Feb-02-2019, 02:07 AM
i have a bunch (2823) of large files typically around 4GB in size but none larger than 2**33-1 (8589934591) bytes in size. these files have typically 100's of MB to a few GB of actual data followed by zero padding out to the end of the file.
i need to truncate all of these files to remove the zero padding without losing any data of non-zero bytes. because there is over 10 TB of data, i want to avoid reading all the files sequentially. but the data can have some sequences of zeros in it still followed by non-zero data, so a binary search is ruled out. my current thought is to read the files backwards, a page size, page aligned at a time an scan that page for any non-zero bytes to record the position of the last non-zero byte. i will just be recording these sizes for now and do the actual truncation at a later date (when i receive all the drives ... i just have a few samples for now).
is this something that is easy to do in Python or should i just do this in C?

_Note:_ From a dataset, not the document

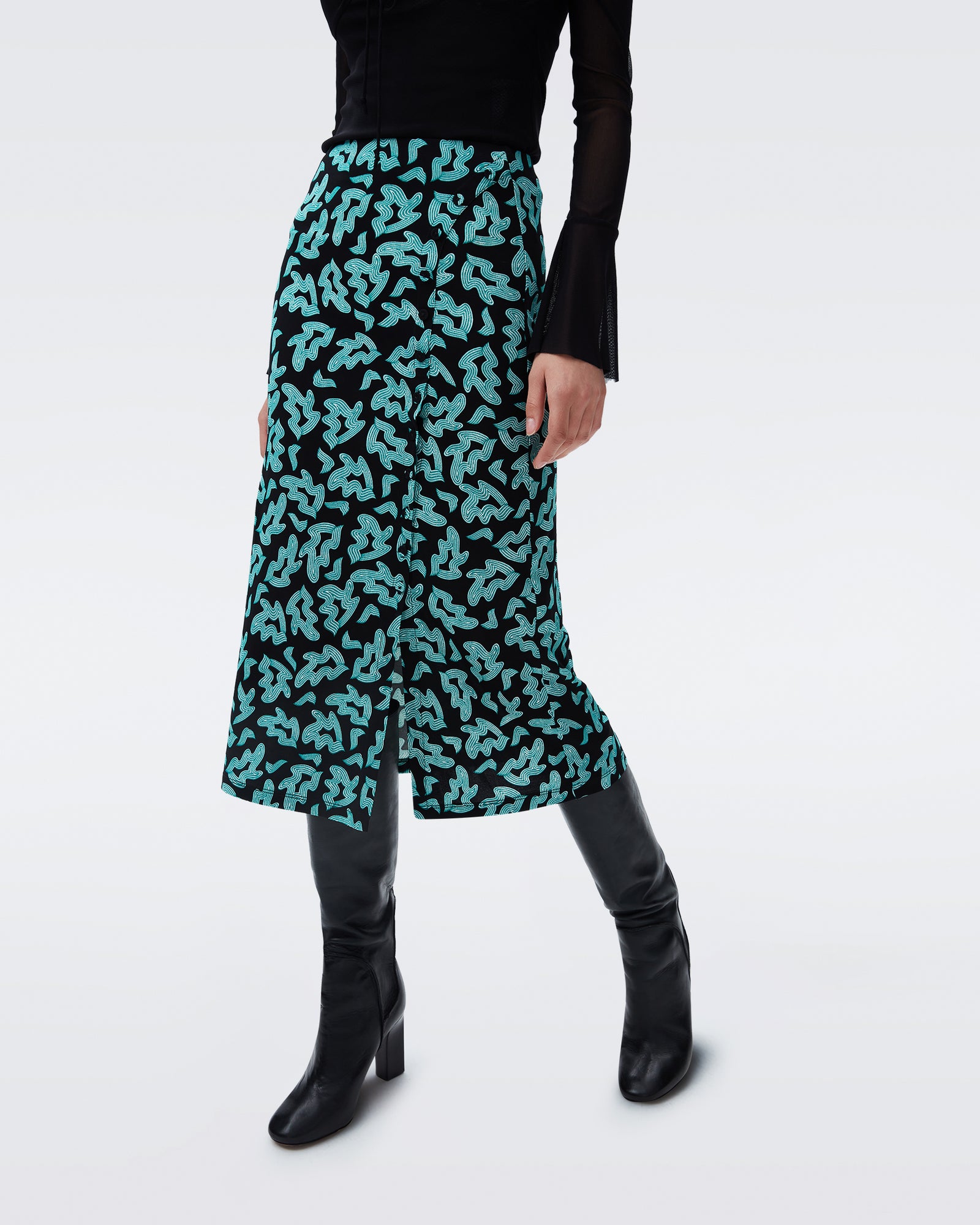 DVF charleston midi skirt in surreal leaves emerald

i need to truncate all of these files to remove the zero padding without losing any data of non-zero bytes. because there is over 10 TB of data, i want to avoid reading all the files sequentially. but the data can have some sequences of zeros in it still followed by non-zero data, so a binary search is ruled out. my current thought is to read the files backwards, a page size, page aligned at a time an scan that page for any non-zero bytes to record the position of the last non-zero byte. i will just be recording these sizes for now and do the actual truncation at a later date (when i receive all the drives ... i just have a few samples for now).
is this something that is easy to do in Python or should i just do this in C?